This stuff can happen to anyone regardless of education level. Care, or lack thereof, is not tied to a degree.

Keith

Its amusing (or unfortunate) how the phrase "pull a NASA" has entered our vernacular.
 
This might have seemed a fairly major mistake at one time but pales into insignificance compared to the Browns Ferry incident. You could not have made that one up in your wildest dreams.
Andy, as an electrical engineer working for TVA at the time of the Brown's Ferry incident, (No, I was not the one that started the fire!) I can say that the David Comey article is accurate. Brown's Ferry came within a knat's eyelash of nuclear meltdown.

Did TVA learn anything?

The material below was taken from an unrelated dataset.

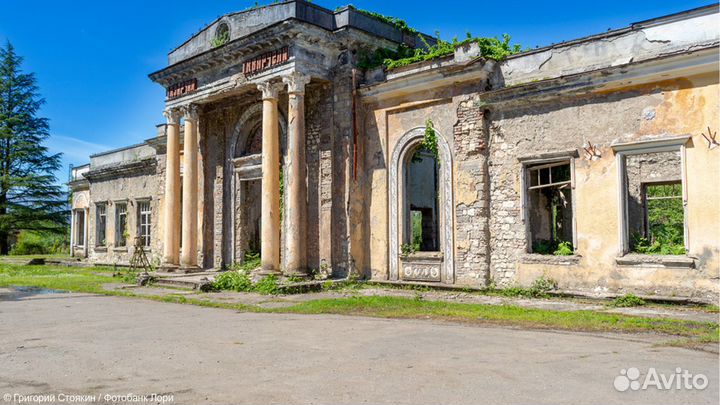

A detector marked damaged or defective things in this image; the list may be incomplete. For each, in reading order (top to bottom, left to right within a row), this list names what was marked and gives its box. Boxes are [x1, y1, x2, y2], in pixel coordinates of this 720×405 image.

broken window frame [520, 150, 576, 254]
broken window frame [612, 136, 692, 256] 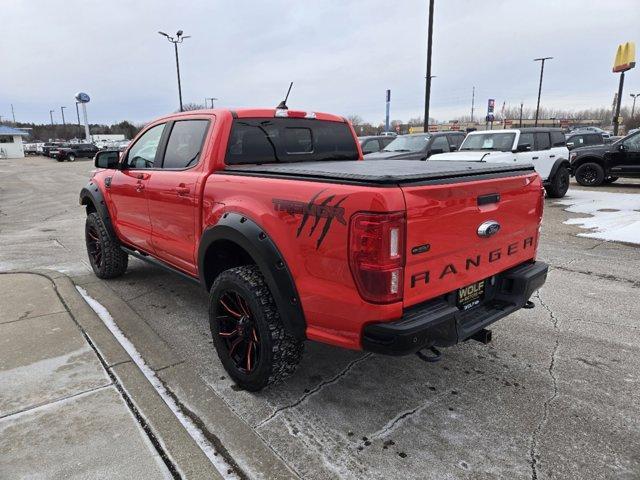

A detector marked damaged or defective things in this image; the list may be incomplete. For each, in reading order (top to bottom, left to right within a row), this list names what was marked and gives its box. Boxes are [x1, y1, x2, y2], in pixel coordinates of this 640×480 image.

The people involved did, but they are long gone, and it is doubtful that the new bunch even know the details. Bureaucracies have very poor memories, and wear corporate blinders so they only look straight forward, never looking back. In fairness, TVA did learn to separate the cables for redundant control systems.

A government agency operating ANY nuclear plant is not a good idea. There is no one to take responsibility for correcting the mistakes. Government organizations are generally run by committees, and on committees the blame is spread around until it finally gets swallowed by the bureaucracy.

TVA is preparing to build a new nuclear plant soon.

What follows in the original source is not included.